Sidiclei Demartini, 32 anos, tirou a sorte grande quando foi transferido da churrascaria Fogo de Chão em São Paulo para a filial da rede em Houston, no Texas. Isso foi há 4 anos. Hoje, Demartini é gerente-geral da Fogo de Chão em Chicago.

Quando saiu do Brasil, ganhava R$ 2 mil, tinha um apartamento de um quarto na Avenida Santo Amaro e um Fusca. Hoje, dirige uma caminhonete Dodge Durango de US$ 45 mil. Demartini tem visto L1, de transferências entre subsidiárias. "É muito difícil encontrar americanos que saibam manusear a carne", explica Arri Coser, um dos donos da rede. A Fogo de Chão já expatriou 84 garçons brasileiros para suas filiais nos EUA.

O brasileiro Márcio Saito, diretor de Tecnologia da Cyclades, foi exportado juntamente com sua empresa para os EUA, em 1992. Nascida em São Paulo, a Cyclades se mudou para o Vale do Silício, na Califórnia.

Os brasileiros também estão em alta nas companhias aéreas. A AVPointer está recrutando 20 comissárias de vôo para a Air Catar e 10 pilotos para a Blue Dart, uma empresa aérea da Índia. "Os pilotos brasileiros são conhecidos por sua habilidade e experiência", diz Marcelo Sassi, sócio da empresa.

Salvo, Demartini e Saito ainda são notáveis exceções. Segundo Ana Cristina Braga Martes, professora da Fundação Getúlio Vargas, mais de 80% dos brasileiros emigram ilegalmente e aceitam trabalhos abaixo de sua qualificação. "Ainda não temos uma fuga de cérebros brasileiros", diz.

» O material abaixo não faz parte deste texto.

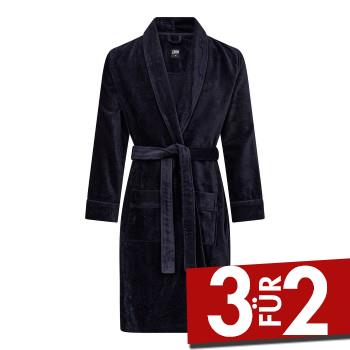 JBS Bath Robe Marine Baumwolle Small Herren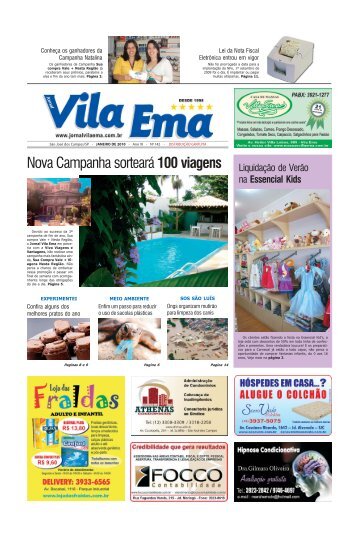 Janeiro 2010 - Jornal Vila Ema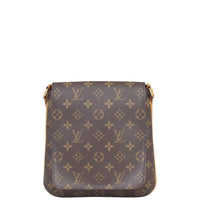 Louis Vuitton Musette Salsa Monogram Long Strap Front
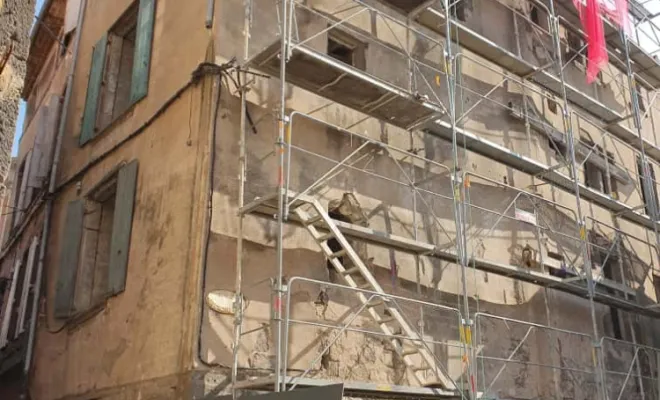 Echaffaudages, Béziers, Raval'Construction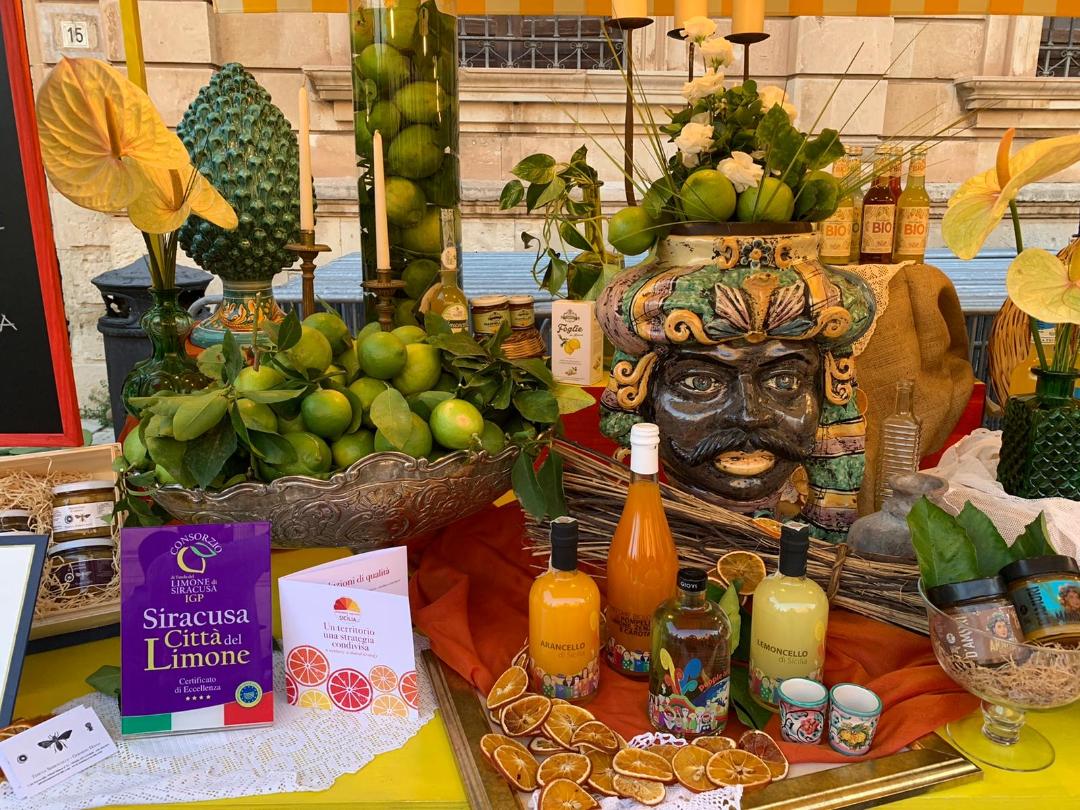Consorzio tutela limone di Siracusa Igp itinerante: sotto direzione Dolce & Gabbana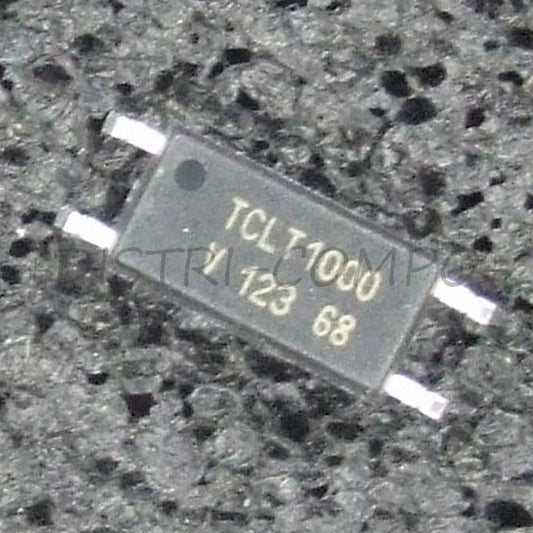 TCLT1000 Optocoupler phototranistor Output SOP-4L Vishay RoHS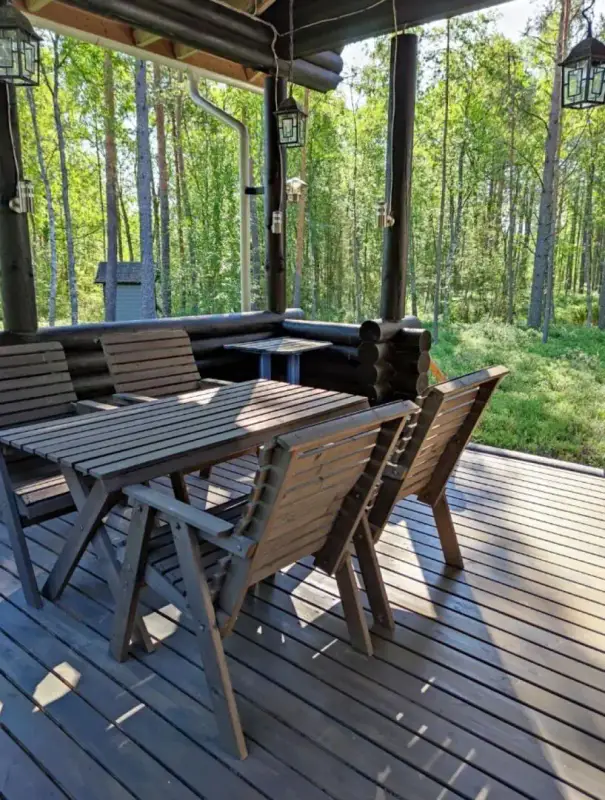Chalet à Siikajoki  rive privée  18 520 m² — 96 000 € — 3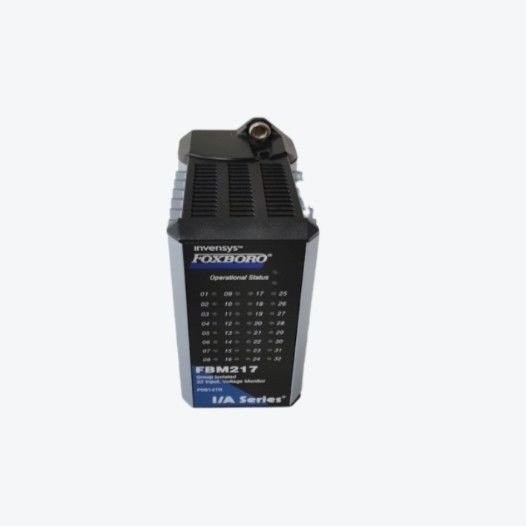 MÓDULO de MONITOR DE VOLTAJE del sistema de control distribuido de FOXBORO P0926GH DCS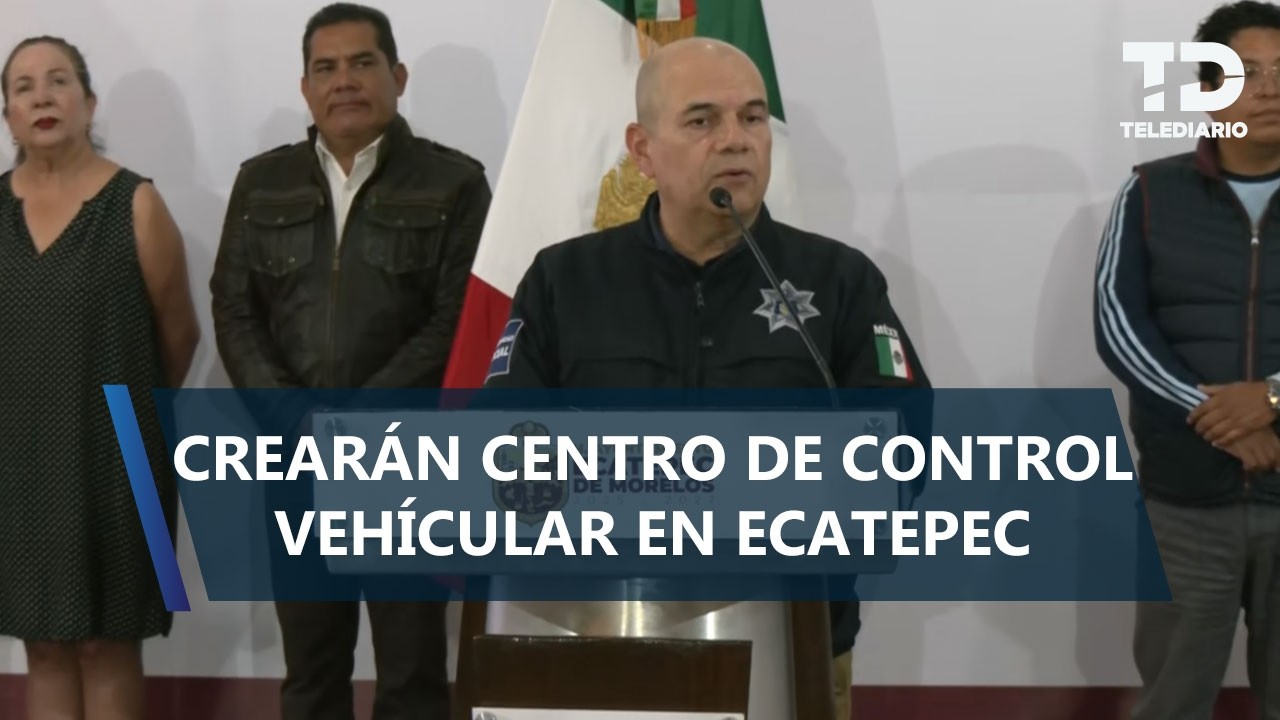 Crearán Centro de Control Vehicular para prevenir fraude en compra de autos en Ecatepec
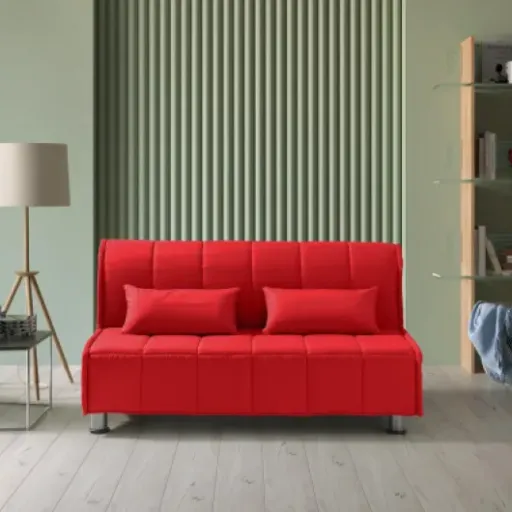 Test EVERGREENWEB Canapé-lit 3 Places : un vrai lit correct, un canapé moyen mais pratique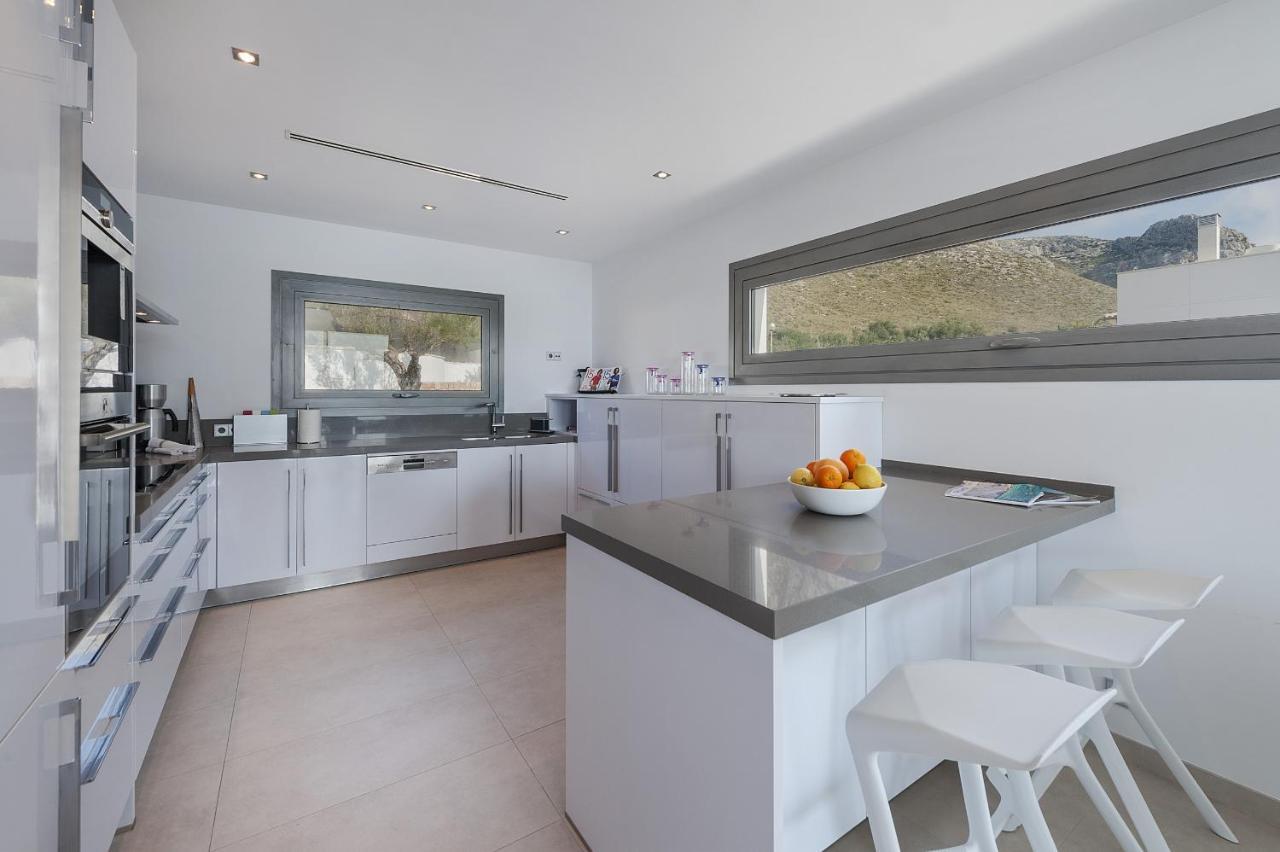 Luxury Villa Phoenix Port de Pollença Esterno foto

Mesmo para quem não faz trabalho especializado, é necessária preparação. O taxista William Takashi Shimizu, de 24 anos, planeja viajar para o Japão com a mulher Gabriela e a filha. Ele vai trabalhar numa fábrica de bolos por dois anos. William e sua esposa fazem curso de japonês no Centro de Informação e Apoio ao Trabalhador no Exterior (Ciate), que tem apoio do governo japonês para preparar brasileiros como a família Shimizu com cursos de língua, leis trabalhistas e usos e costumes no trabalho.